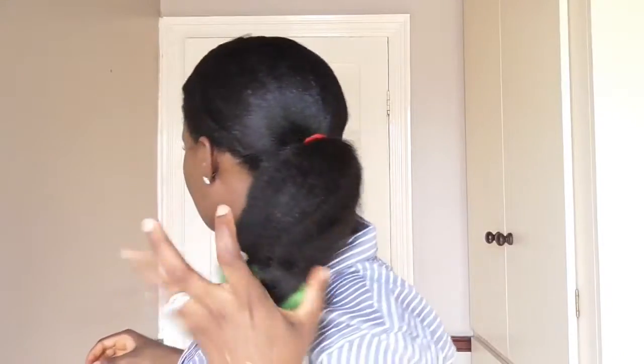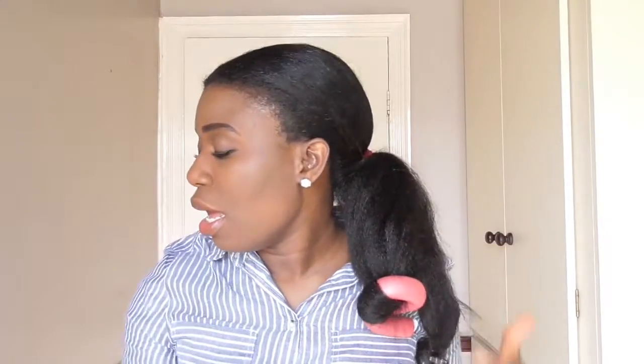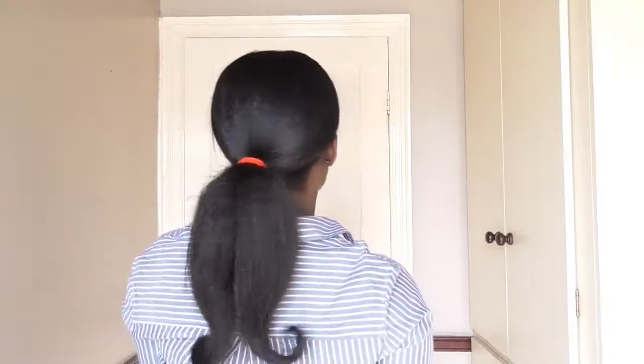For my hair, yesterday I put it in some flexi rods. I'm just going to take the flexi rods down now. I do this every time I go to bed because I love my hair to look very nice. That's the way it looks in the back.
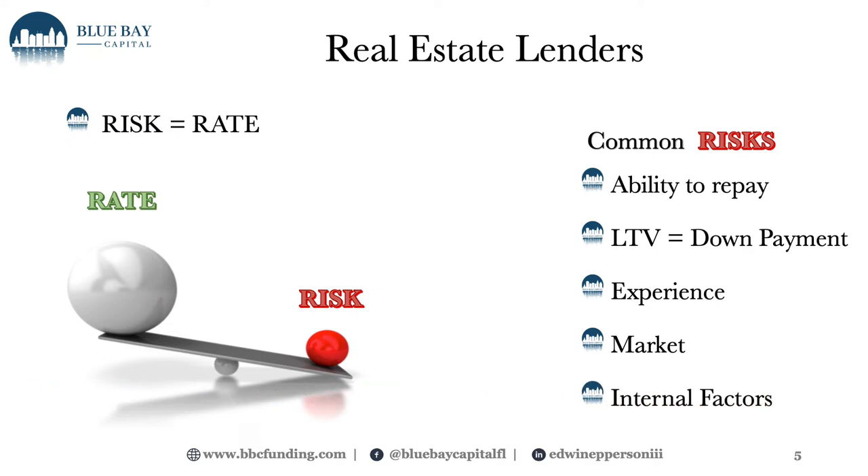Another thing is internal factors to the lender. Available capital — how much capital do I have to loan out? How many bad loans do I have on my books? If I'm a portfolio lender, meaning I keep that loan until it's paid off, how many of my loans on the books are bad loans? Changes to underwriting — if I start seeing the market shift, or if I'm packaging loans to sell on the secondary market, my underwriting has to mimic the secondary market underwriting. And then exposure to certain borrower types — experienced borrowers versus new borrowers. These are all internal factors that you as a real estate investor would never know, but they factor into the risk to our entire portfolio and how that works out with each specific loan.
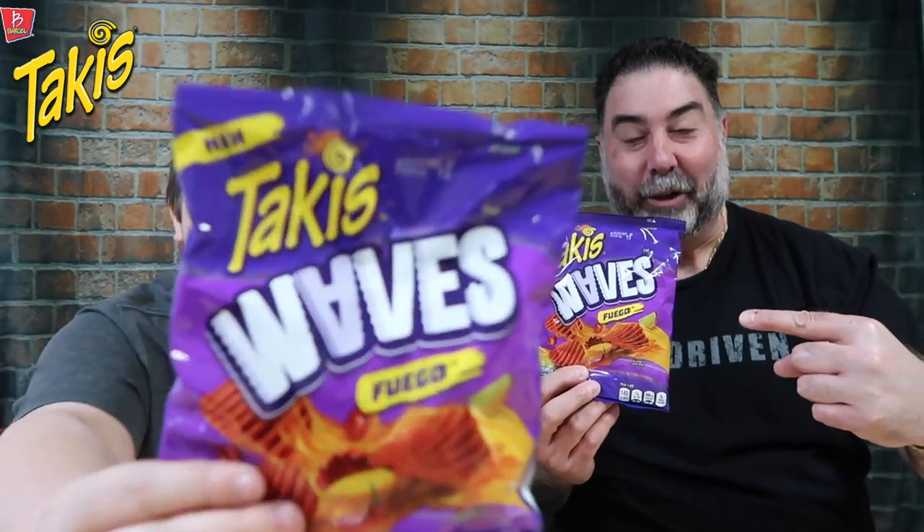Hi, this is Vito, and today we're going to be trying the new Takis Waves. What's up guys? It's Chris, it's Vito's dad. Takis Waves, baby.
* * *
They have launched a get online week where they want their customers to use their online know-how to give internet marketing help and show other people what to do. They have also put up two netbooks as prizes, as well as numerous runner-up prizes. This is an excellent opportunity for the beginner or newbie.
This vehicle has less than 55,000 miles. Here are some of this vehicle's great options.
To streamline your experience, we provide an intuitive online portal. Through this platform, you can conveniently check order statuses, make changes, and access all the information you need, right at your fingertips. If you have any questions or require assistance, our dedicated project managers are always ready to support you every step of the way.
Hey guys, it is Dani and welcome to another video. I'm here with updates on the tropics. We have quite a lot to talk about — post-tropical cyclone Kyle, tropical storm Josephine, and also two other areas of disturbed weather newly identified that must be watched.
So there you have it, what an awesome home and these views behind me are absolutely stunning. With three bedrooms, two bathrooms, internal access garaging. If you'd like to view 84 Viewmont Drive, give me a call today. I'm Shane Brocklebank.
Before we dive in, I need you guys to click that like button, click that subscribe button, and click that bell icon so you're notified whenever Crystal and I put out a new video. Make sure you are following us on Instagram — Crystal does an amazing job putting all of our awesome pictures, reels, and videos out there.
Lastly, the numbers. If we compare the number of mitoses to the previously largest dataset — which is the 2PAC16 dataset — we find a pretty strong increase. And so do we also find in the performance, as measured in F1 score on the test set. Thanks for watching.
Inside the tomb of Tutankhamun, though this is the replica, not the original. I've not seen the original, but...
==
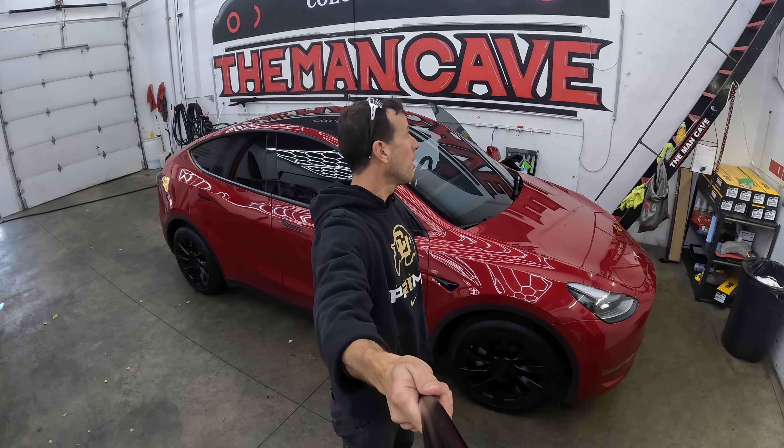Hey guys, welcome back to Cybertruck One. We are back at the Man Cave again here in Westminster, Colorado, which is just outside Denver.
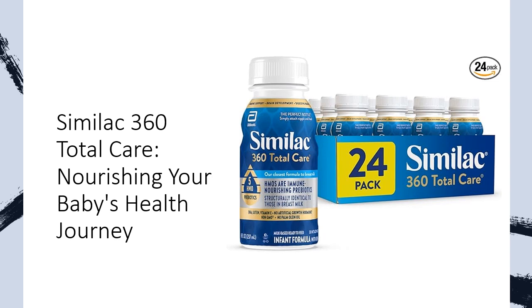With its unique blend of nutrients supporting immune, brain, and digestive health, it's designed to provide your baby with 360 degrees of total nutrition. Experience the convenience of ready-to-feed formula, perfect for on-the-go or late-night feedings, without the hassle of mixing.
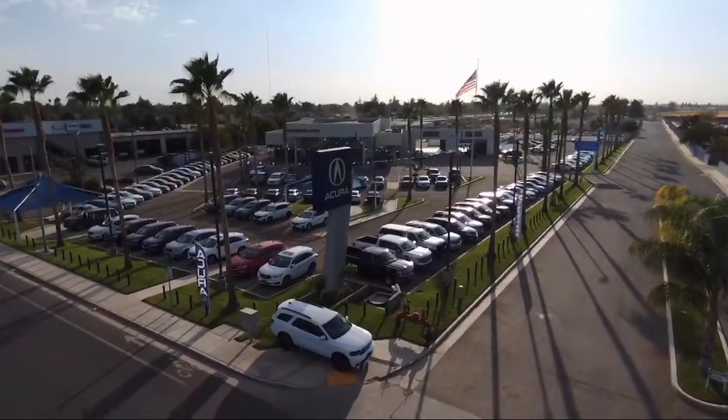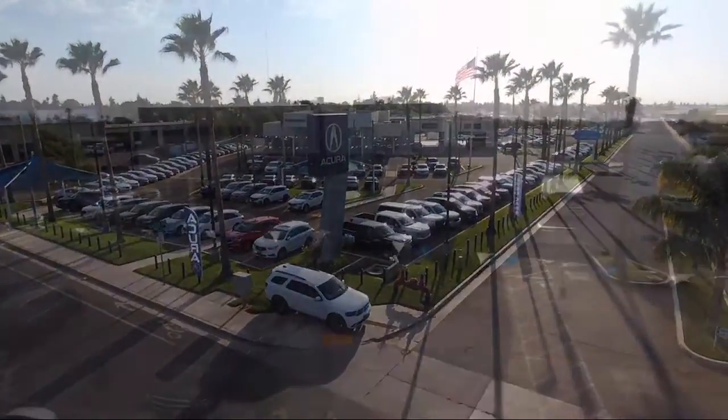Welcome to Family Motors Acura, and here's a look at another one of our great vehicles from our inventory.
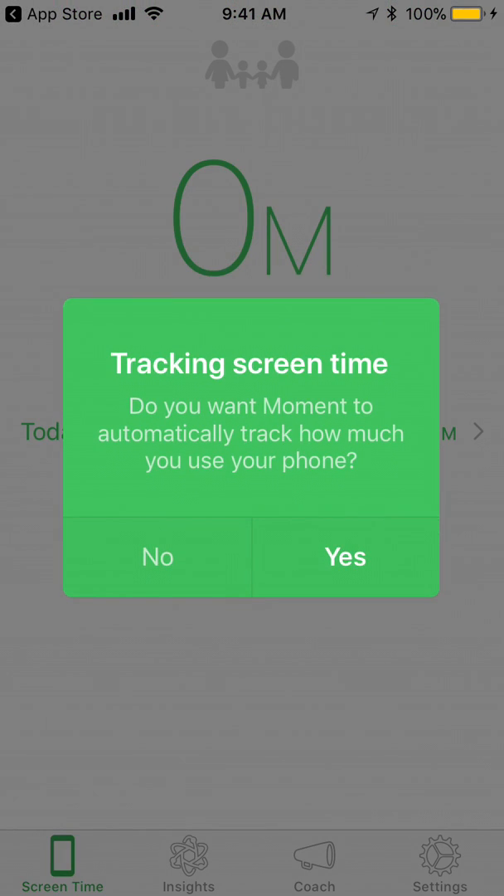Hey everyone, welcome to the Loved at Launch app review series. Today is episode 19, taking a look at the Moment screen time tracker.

WORK TO BE COMPLETED → In the listing above, find the line with "For my hair, yesterday" and the line with "Hi, this is". Transcribe those two and everything between, exactly, leaving out pictures.

RESULT →
For my hair, yesterday I put it in some flexi rods. I'm just going to take the flexi rods down now. I do this every time I go to bed because I love my hair to look very nice. That's the way it looks in the back.
Another thing is internal factors to the lender. Available capital — how much capital do I have to loan out? How many bad loans do I have on my books? If I'm a portfolio lender, meaning I keep that loan until it's paid off, how many of my loans on the books are bad loans? Changes to underwriting — if I start seeing the market shift, or if I'm packaging loans to sell on the secondary market, my underwriting has to mimic the secondary market underwriting. And then exposure to certain borrower types — experienced borrowers versus new borrowers. These are all internal factors that you as a real estate investor would never know, but they factor into the risk to our entire portfolio and how that works out with each specific loan.
Hi, this is Vito, and today we're going to be trying the new Takis Waves. What's up guys? It's Chris, it's Vito's dad. Takis Waves, baby.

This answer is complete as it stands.